Paddling: Because they have more padding around the torso, providing extra warmth and comfort, a Coast Guard– approved Type III vest is your best bet, according to Jeremy Oyen, a former director of safety education and outreach at the American Canoe Association. Type II–style PFDs, those orange, horseshoe-shaped ones with the thick neck flap, are perfectly safe, too. Just be aware that they're more restricting. Junior's ready to paddle? Don't hand over yours. If it's too long or the blade's too big, it can cause shoulder stress.We like Sawyer's red cedar Kids Clearwater Paddle ($160; paddlesandoars.com). And Old Town's Heron Junior Kayak ($299; oldtowncanoe.com) is built to track efficiently with a 50- to 100-pound paddler inside. It also has a built in tether system so you can conveniently drag junior when he gets tired.

Outsource Their Training

As with spouses and significant others, teaching your kids is asking for trouble

Boys
And you thought your days of dawn patrol were over. (Intersection Photos)

You can find good local programs by asking around at outdoor-gear stores, bike shops, and ski hills. For top national courses, here are the best.
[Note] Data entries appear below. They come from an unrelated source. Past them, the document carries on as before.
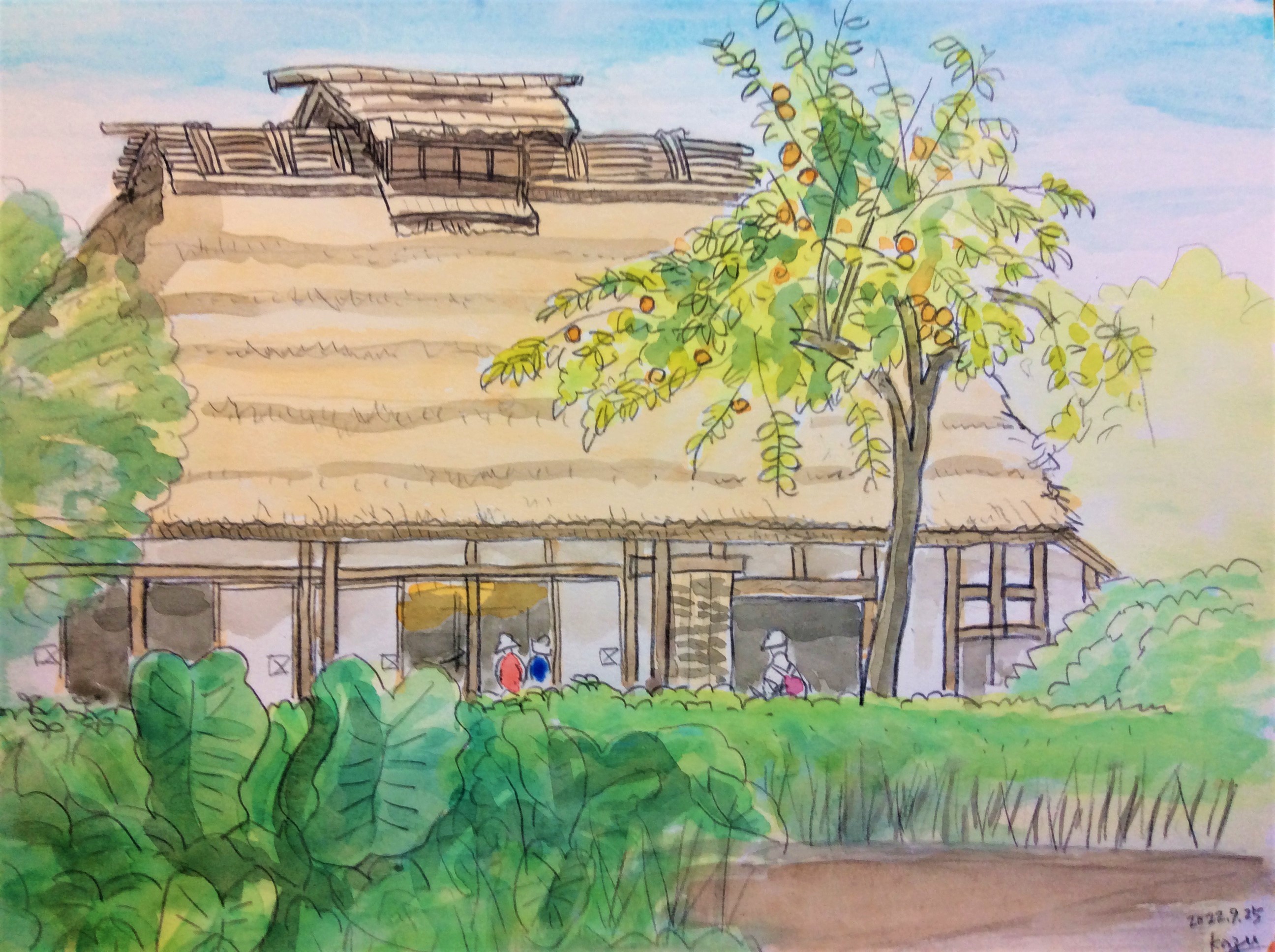次太夫堀公園 : カズヨシのアトリエ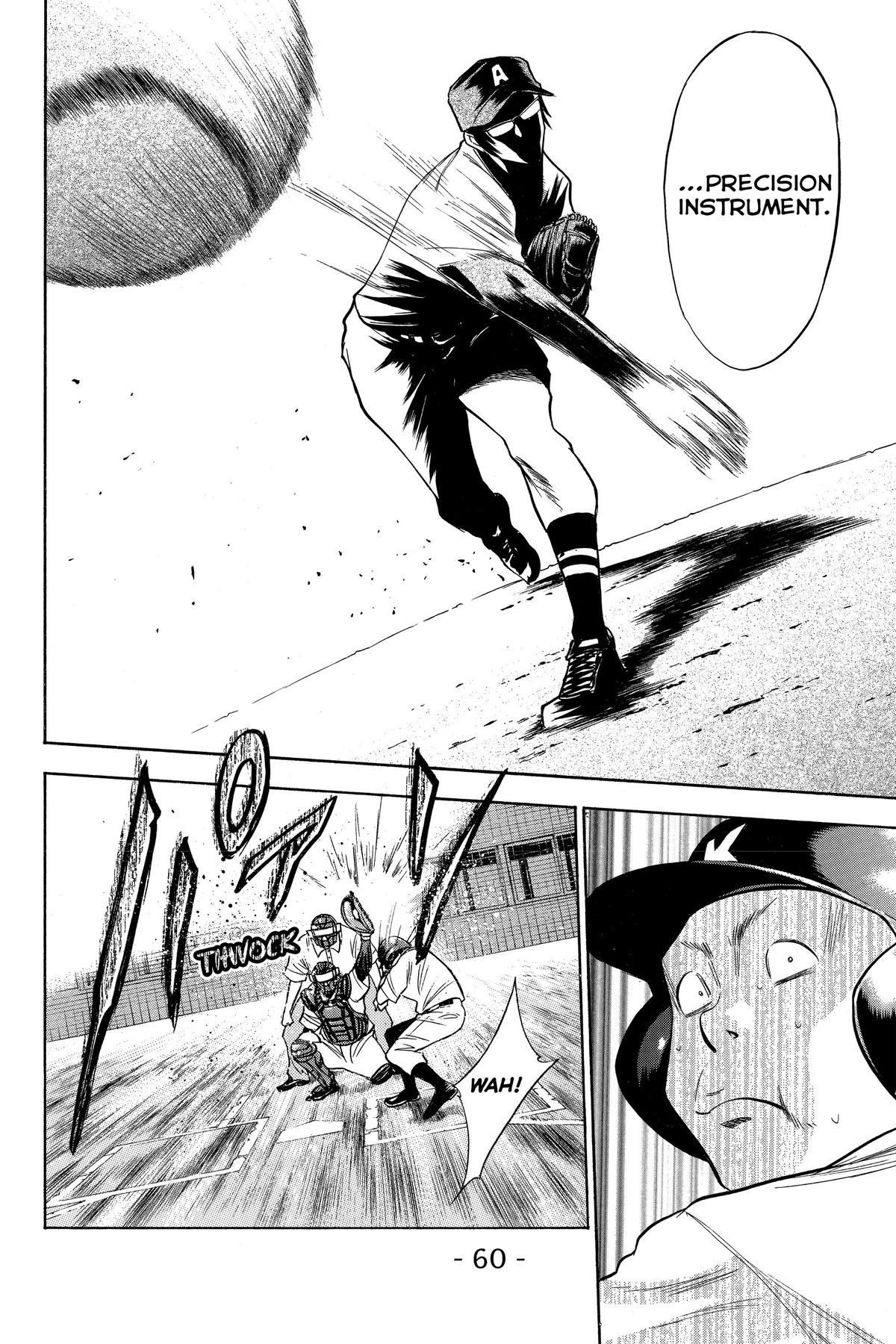 Read Ace of the Diamond Manga Online
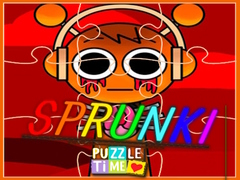 Cluiche Sprunki Puzzle Time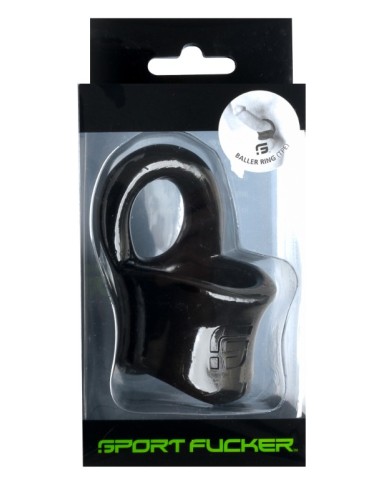 Ballstretcher souple Baller Ring 32 mm - Hauteur 35 mm Noir - Ballstretchers Souples - 2
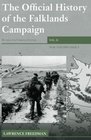 The Official History of the Falklands Campaign Volume 2 War and Diplomacy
Action/Snow Sports: Windells Academy (windells.com), near Mount Hood, Oregon, is where Shaun White first learned to do a cork 540. It now offers skateboarding, BMX, and freestyle snowboarding and skiing programs. Dave Murray's Summer Ski and Snowboard Camps (skiandsnowboard.com) have alpine racing programs in addition to freestyle camps.

Whitewater: Northern California's Otter Bar Lodge Kayak School (otterbar.com) offers a NQGU (not quite grown ups) Kayak Camp in the last two weeks of July for 10- to 14-year-olds. In North Carolina, Nantahala Outdoor Center (noc.com) has been churning out Junior Team, U.S. National Team, and Olympic paddlers for nearly 40 years. There are programs for kids as young as nine.

Set Them Free

At some point, you're going to have to watch them disappear on a bike or ski lift. To make it (a little) less nerve-racking, your best strategy is to spend as much time as possible charging alongside your kid, so you both become confident in their abilities, then give them increasing amounts of independence.

"Letting them go in incremental steps can help make the consequences of messing up smaller, too," says Eugene Buchanan, author of Outdoor Parents, Outdoor Kids. While skiing, Buchanan would let his child hit one run alone while he and his wife took another, then they'd all meet up at the chairlift. Each time everything went well, the leash grew a little longer, until skiing a whole morning solo became no big deal. "Doing it like that isn't just good for kids," he says. "Parents also need to learn to let go."

There's no magic formula for deciding when your child is ready to go it alone, but a key indicator is when they start voicing what they're not ready to handle. "It's a sign of maturity, knowing when to say, 'That's too dangerous,'" says Kristy Sturges, co-owner of Otter Bar Kayak School.

Ultimately, proffers big-wave surfer Laird Hamilton, whose daughter Reece, now nine, has recently taken a liking to cliff jumping, raising adventurous children is a bit like being forged into a sword. "Your kids heat you up, beat you with a hammer, then stick you in a bucket of cold water, over and over again," he says. "Even­tually, you get tempered."